--- Description of the task ---
Images within the entries are to be omitted; the remainder must be reproduced exactly.

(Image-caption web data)
********************
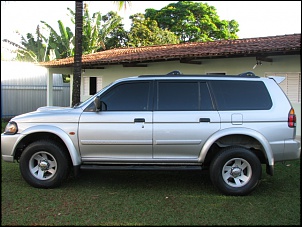 Vd/troco Pajero sport 2002, 2.8 turbo-img_2365.jpg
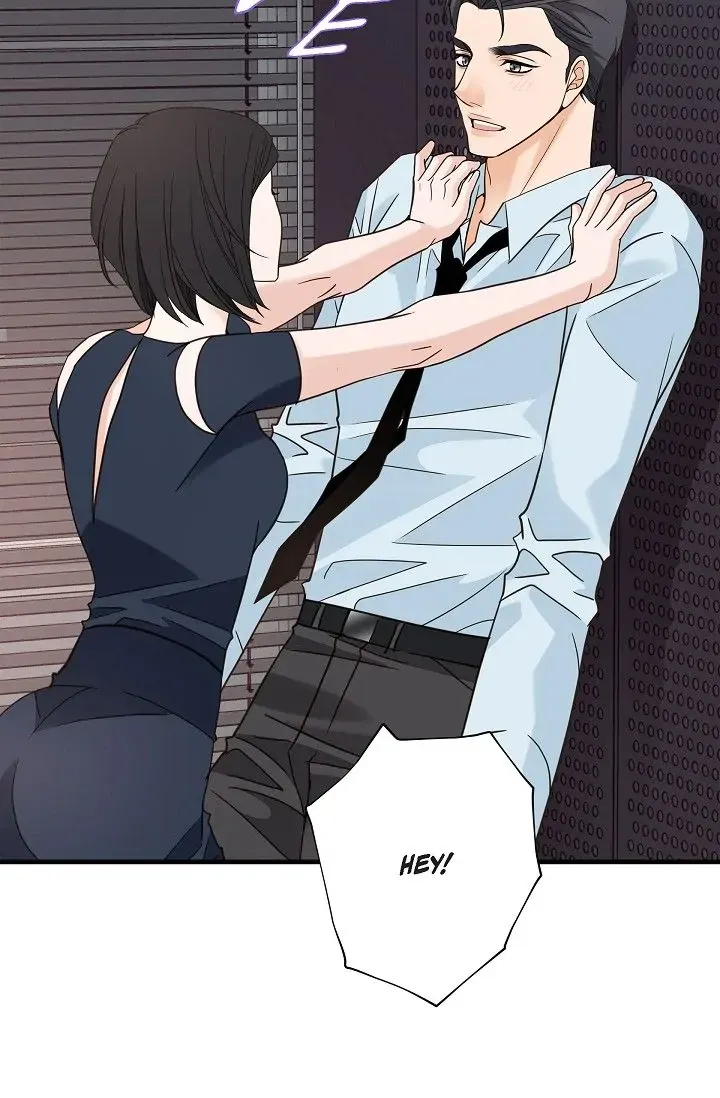 Read No Exit chapter 33 image 94 on Lezhin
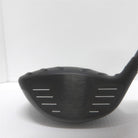 Ping Driver G440 K 9° Stiff PING TOUR 2.0 BLACK 65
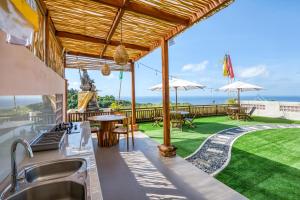 Adinata Villa by Suarga Collection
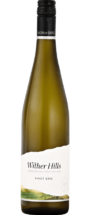 Wither Hills Pinot Gris NZ Marlborough New Zealand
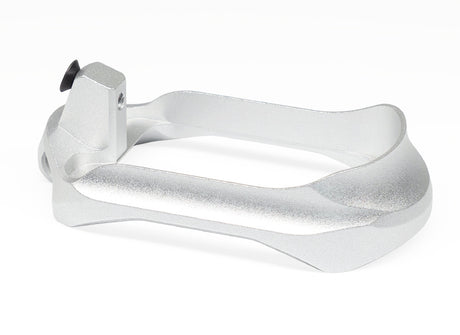 TTI AAP01 One Piece CNC Magwell-TTI-Socom Tactical Airsoft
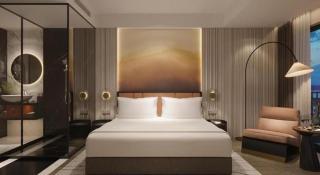 Aurora Oriental - 3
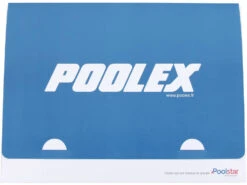 Bomba De Calor Poolex Silverline Inverter R32 90 Poolstar PC-SLP090N -Piscinas Artículos Tienda 1999952642g06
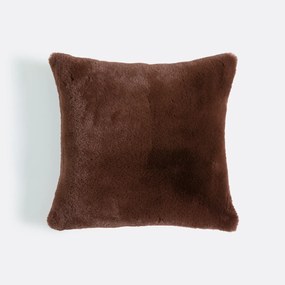 Donzig kussenhoes Colton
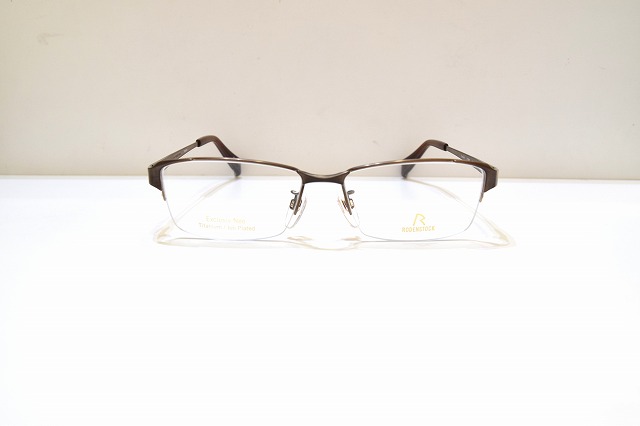 RODENSTOCK-0141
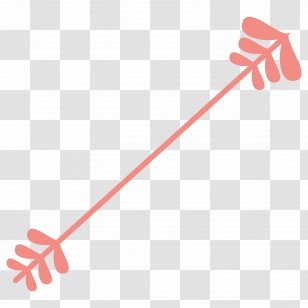 Line Point Angle - Text Transparent PNG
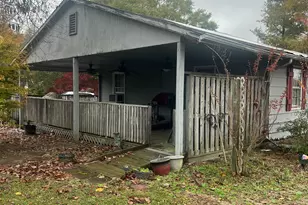 4688 Christian Light Rd, Fuquay Varina, NC 27526 - Photo 5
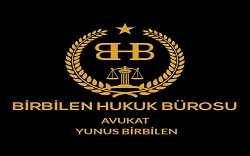 Aile Hukuku Avukatı Antalya Logo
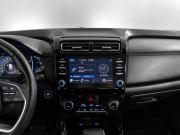 Hyundai Creta II Санкт-Петербург  - изображение 41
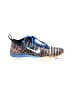 Nike Blue Pink Sneakers Size 5 1/2 - photo 1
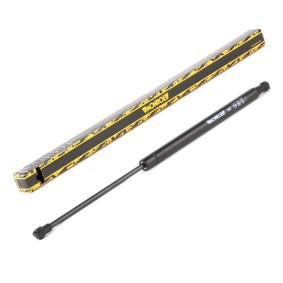 Compre Amortecedor da mala da MONROE ML5963 a um preço baixo por 14,57 €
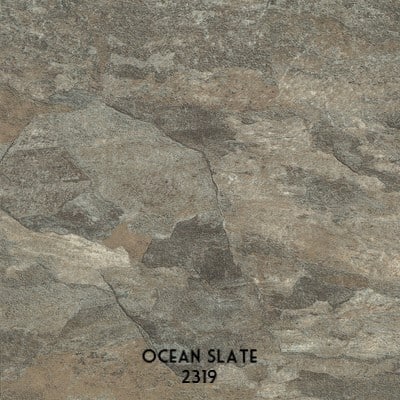 Camaro-Stone-304x609-OceanSlate-2319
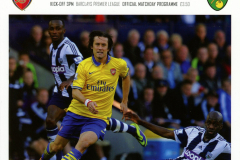 2013_10_19_Arsenal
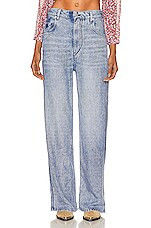 Isabel Marant Etoile
                
                
                    Tilorsya Skinny
      ... | FWRD 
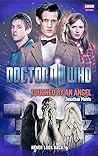 Cover of Doctor Who: Touched By An Angel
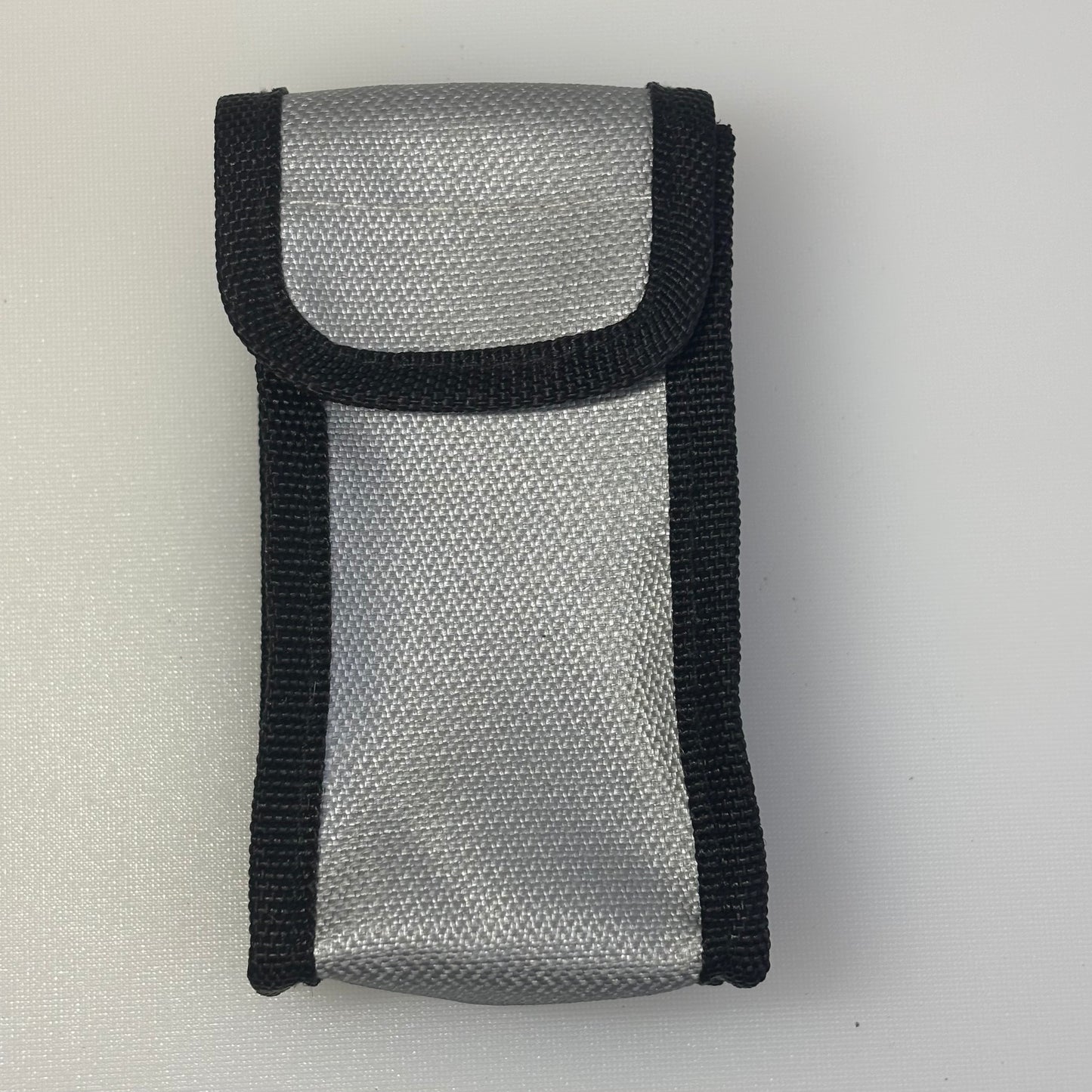 Turnigy Small Single Lipo Battery Case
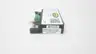 HYTROL 033.090131 E24 UNIDRIVE 3.5 MOTOR CONTROL CARD thumbnail 4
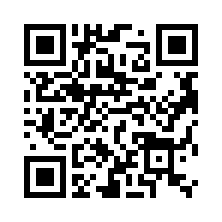 QR Code for 199HfdQKXAPPHFv9h7uYCsE1ZD18i2TFPi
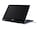 Acer NX.VP4AA.00B Image 2 from Right-angle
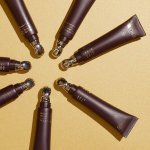 Cosmogen habille La Crème Yeux Premier Cru de Caudalie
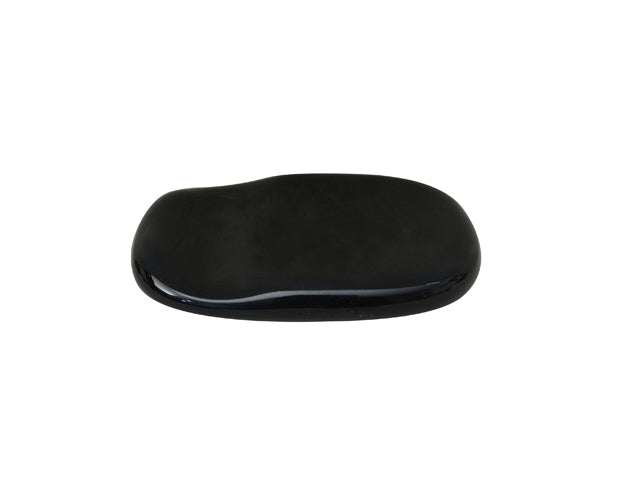 Duck Spoon/Chopstick Rest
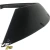 FRP TKYO v1 Wide Body Fender Flares (front) 50mm > Porsche Cayman (987) 2006-2008 - image 25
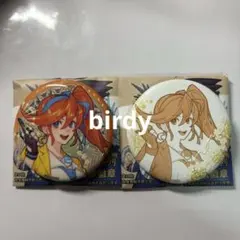 akatuki様 リクエスト 2点 まとめ商品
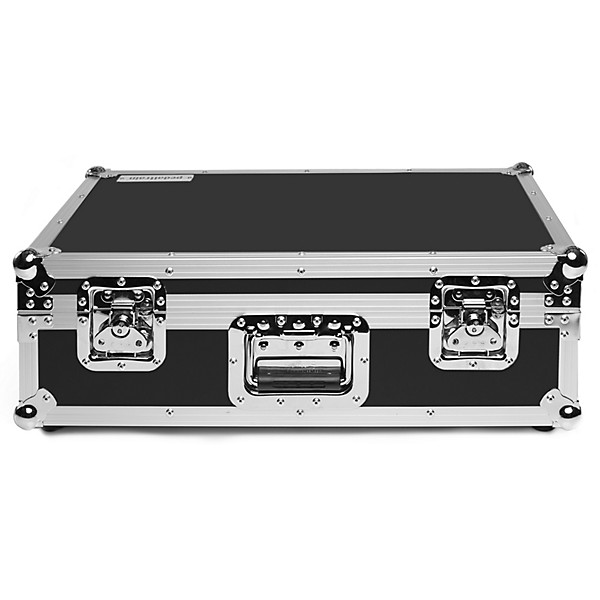 Pedaltrain Tour Case for Classic 2, PT-2, PT-FLY and Novo 24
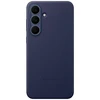 EF-VS731PNE Samsung KindSuit dėklas skirtas Galaxy S25 FE mėlynos spalvos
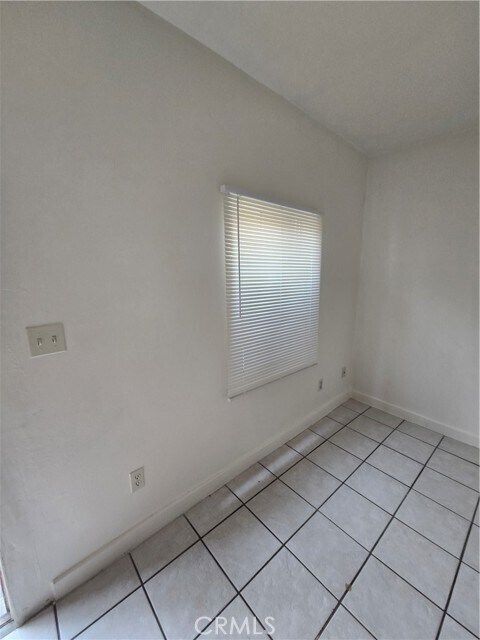 Building Photo - 1777 Cerritos Ave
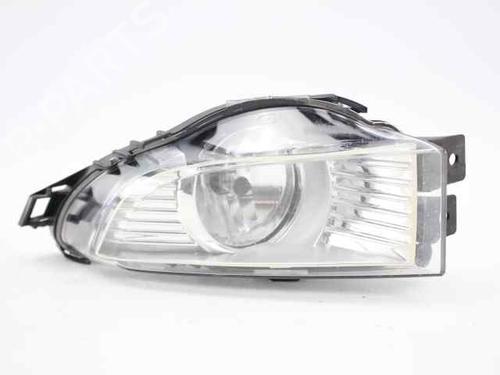 Used Right front fog light OPEL INSIGNIA A Sports Tourer (G09) 2.0 CDTI (35) (160 hp) 19238957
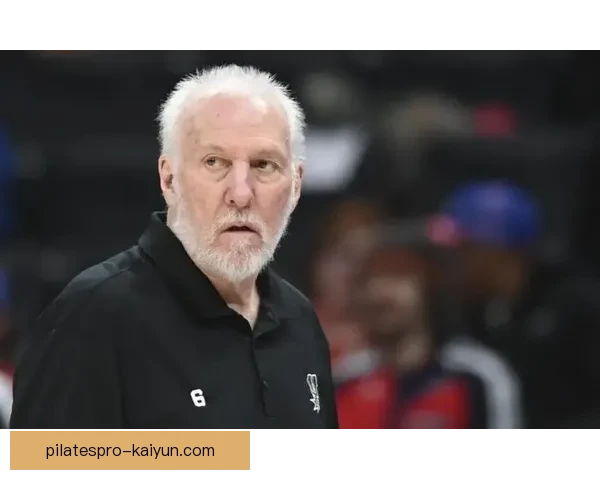 基米希中场硬度分析：防守贡献与对抗能力持续提升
********************
--- Response area ---
 Vd/troco Pajero sport 2002, 2.8 turbo-img_2365.jpg
 Read No Exit chapter 33 image 94 on Lezhin
 Ping Driver G440 K 9° Stiff PING TOUR 2.0 BLACK 65
 Adinata Villa by Suarga Collection
 Wither Hills Pinot Gris NZ Marlborough New Zealand
 TTI AAP01 One Piece CNC Magwell-TTI-Socom Tactical Airsoft
 Aurora Oriental - 3
 Bomba De Calor Poolex Silverline Inverter R32 90 Poolstar PC-SLP090N -Piscinas Artículos Tienda 1999952642g06
 Donzig kussenhoes Colton
 RODENSTOCK-0141
 Line Point Angle - Text Transparent PNG
 4688 Christian Light Rd, Fuquay Varina, NC 27526 - Photo 5
 Aile Hukuku Avukatı Antalya Logo
 Hyundai Creta II Санкт-Петербург  - изображение 41
 Nike Blue Pink Sneakers Size 5 1/2 - photo 1
 Compre Amortecedor da mala da MONROE ML5963 a um preço baixo por 14,57 €
 Camaro-Stone-304x609-OceanSlate-2319
 2013_10_19_Arsenal
 Isabel Marant Etoile
                
                
                    Tilorsya Skinny
      ... | FWRD 
 Cover of Doctor Who: Touched By An Angel
 Turnigy Small Single Lipo Battery Case
 HYTROL 033.090131 E24 UNIDRIVE 3.5 MOTOR CONTROL CARD thumbnail 4
 QR Code for 199HfdQKXAPPHFv9h7uYCsE1ZD18i2TFPi
 Acer NX.VP4AA.00B Image 2 from Right-angle
 Cosmogen habille La Crème Yeux Premier Cru de Caudalie
 Duck Spoon/Chopstick Rest
 FRP TKYO v1 Wide Body Fender Flares (front) 50mm > Porsche Cayman (987) 2006-2008 - image 25
 akatuki様 リクエスト 2点 まとめ商品
 Pedaltrain Tour Case for Classic 2, PT-2, PT-FLY and Novo 24
 EF-VS731PNE Samsung KindSuit dėklas skirtas Galaxy S25 FE mėlynos spalvos
 Building Photo - 1777 Cerritos Ave
 Used Right front fog light OPEL INSIGNIA A Sports Tourer (G09) 2.0 CDTI (35) (160 hp) 19238957
 基米希中场硬度分析：防守贡献与对抗能力持续提升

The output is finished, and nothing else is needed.